Lo cierto es que en aquel momento me pareció una respuesta
de adulto inteligente, de persona curtida por los años ¡qué sabía yo de
corazones rotos con lo joven que era! ¡Cómo era posible que no quisiese novio! Fue diez años después cuando sentí aquel crack
al que mi tío se refería. Una catástrofe anunciada, he de decir. Todo el mundo
sabía que tarde o temprano acabaría devastada por los estragos del amor,
bebiendo mucho y comiendo poco. Incluso yo misma, antes del nefasto acontecimiento,
era consciente de la condición caduca de mi relación.

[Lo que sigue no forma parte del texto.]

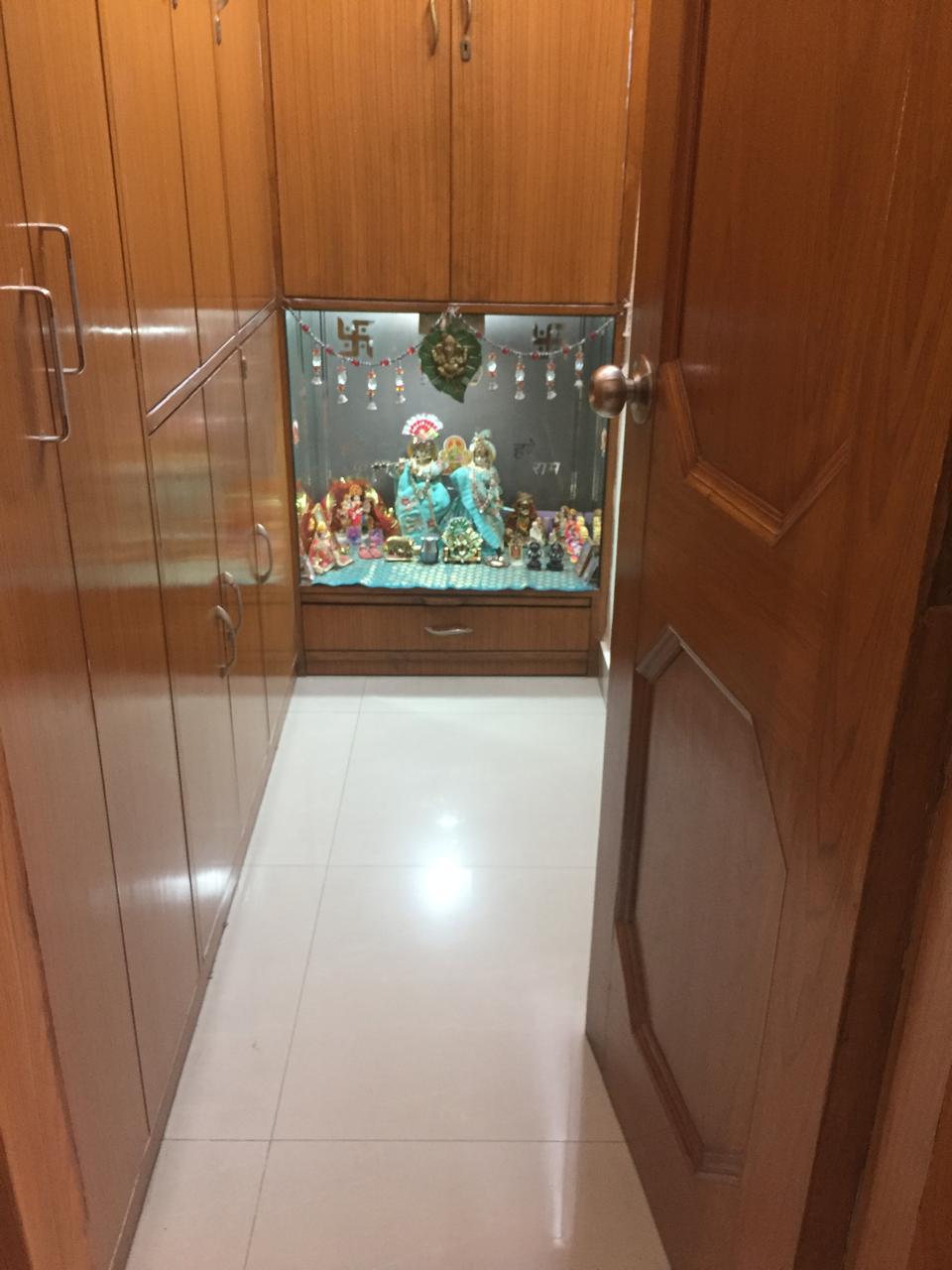 3 BHK Apartment For Sale in Vidhi Apartment IP Extension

Pero uno de los atributos
– no sé si bueno o malo- del ser humano es que nunca pierde la esperanza. Leí en
algún sitio que es lo único que nos mantiene con vida, así que yo contribuí a
la teoría con mi parte y la estiré hasta el destrozo. Si hubiera sabido antes de los efectos secundarios del elixir químico y endorfínico del amor, igual me
hubiera retirado a tiempo. Pero no, ahí estaba yo, rota y perdida, con el cortisol por las nubes preguntándome
qué iba a hacer con tantos añicos. En ese momento, un amigo al que le lloraba
en la barra del bar, como ironías de la vida, me dijo convencido: “eres
demasiado mayor para que te rompan el corazón”.

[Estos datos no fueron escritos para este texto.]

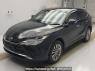 Used 2020 AT toyota harrier-hybrid AXUH80 Image[0]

La comida familiar duró como siempre todo el día. Mi tío
seguía sin comprender por qué yo – a los catorce años- no tenía novio con lo
alta y lista que era. En el fondo, yo tampoco lo entendía y me sentí fea, como
todas las mujeres en este mundo se han sentido alguna vez. Sería simplista y
reduccionista culpar a mi tío de todas mis relaciones fallidas pero debo
admitir que analizando esto, ahora lo entiendo todo mucho mejor.